*** Exercise data ***
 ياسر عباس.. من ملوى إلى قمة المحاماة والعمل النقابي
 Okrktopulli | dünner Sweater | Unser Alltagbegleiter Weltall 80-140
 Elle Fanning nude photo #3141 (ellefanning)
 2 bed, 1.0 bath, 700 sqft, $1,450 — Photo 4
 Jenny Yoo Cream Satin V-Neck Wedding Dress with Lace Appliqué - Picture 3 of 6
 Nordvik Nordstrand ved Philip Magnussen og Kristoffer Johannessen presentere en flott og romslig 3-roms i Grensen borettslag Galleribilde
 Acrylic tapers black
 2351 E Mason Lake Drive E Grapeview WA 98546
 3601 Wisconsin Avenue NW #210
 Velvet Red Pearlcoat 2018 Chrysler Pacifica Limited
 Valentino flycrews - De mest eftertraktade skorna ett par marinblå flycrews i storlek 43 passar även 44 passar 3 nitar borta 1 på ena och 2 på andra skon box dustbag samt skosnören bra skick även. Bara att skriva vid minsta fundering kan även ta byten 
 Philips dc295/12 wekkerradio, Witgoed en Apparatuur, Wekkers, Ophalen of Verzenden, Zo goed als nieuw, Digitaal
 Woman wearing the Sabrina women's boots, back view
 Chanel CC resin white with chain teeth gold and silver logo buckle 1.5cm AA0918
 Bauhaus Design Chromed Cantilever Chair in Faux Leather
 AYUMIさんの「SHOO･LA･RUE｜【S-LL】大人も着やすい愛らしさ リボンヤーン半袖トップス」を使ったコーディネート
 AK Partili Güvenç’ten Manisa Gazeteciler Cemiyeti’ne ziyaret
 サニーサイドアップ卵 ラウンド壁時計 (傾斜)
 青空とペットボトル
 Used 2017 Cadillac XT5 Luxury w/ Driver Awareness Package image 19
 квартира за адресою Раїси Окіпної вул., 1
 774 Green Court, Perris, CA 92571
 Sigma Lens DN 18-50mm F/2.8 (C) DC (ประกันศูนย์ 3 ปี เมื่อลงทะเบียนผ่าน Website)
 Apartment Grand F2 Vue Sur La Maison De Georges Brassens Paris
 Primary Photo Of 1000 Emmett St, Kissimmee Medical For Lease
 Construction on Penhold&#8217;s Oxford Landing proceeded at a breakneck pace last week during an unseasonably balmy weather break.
***
# What this task involves
The answer consists of the whole listing, restated exactly.

# Answer for the task
 ياسر عباس.. من ملوى إلى قمة المحاماة والعمل النقابي
 Okrktopulli | dünner Sweater | Unser Alltagbegleiter Weltall 80-140
 Elle Fanning nude photo #3141 (ellefanning)
 2 bed, 1.0 bath, 700 sqft, $1,450 — Photo 4
 Jenny Yoo Cream Satin V-Neck Wedding Dress with Lace Appliqué - Picture 3 of 6
 Nordvik Nordstrand ved Philip Magnussen og Kristoffer Johannessen presentere en flott og romslig 3-roms i Grensen borettslag Galleribilde
 Acrylic tapers black
 2351 E Mason Lake Drive E Grapeview WA 98546
 3601 Wisconsin Avenue NW #210
 Velvet Red Pearlcoat 2018 Chrysler Pacifica Limited
 Valentino flycrews - De mest eftertraktade skorna ett par marinblå flycrews i storlek 43 passar även 44 passar 3 nitar borta 1 på ena och 2 på andra skon box dustbag samt skosnören bra skick även. Bara att skriva vid minsta fundering kan även ta byten 
 Philips dc295/12 wekkerradio, Witgoed en Apparatuur, Wekkers, Ophalen of Verzenden, Zo goed als nieuw, Digitaal
 Woman wearing the Sabrina women's boots, back view
 Chanel CC resin white with chain teeth gold and silver logo buckle 1.5cm AA0918
 Bauhaus Design Chromed Cantilever Chair in Faux Leather
 AYUMIさんの「SHOO･LA･RUE｜【S-LL】大人も着やすい愛らしさ リボンヤーン半袖トップス」を使ったコーディネート
 AK Partili Güvenç’ten Manisa Gazeteciler Cemiyeti’ne ziyaret
 サニーサイドアップ卵 ラウンド壁時計 (傾斜)
 青空とペットボトル
 Used 2017 Cadillac XT5 Luxury w/ Driver Awareness Package image 19
 квартира за адресою Раїси Окіпної вул., 1
 774 Green Court, Perris, CA 92571
 Sigma Lens DN 18-50mm F/2.8 (C) DC (ประกันศูนย์ 3 ปี เมื่อลงทะเบียนผ่าน Website)
 Apartment Grand F2 Vue Sur La Maison De Georges Brassens Paris
 Primary Photo Of 1000 Emmett St, Kissimmee Medical For Lease
 Construction on Penhold&#8217;s Oxford Landing proceeded at a breakneck pace last week during an unseasonably balmy weather break.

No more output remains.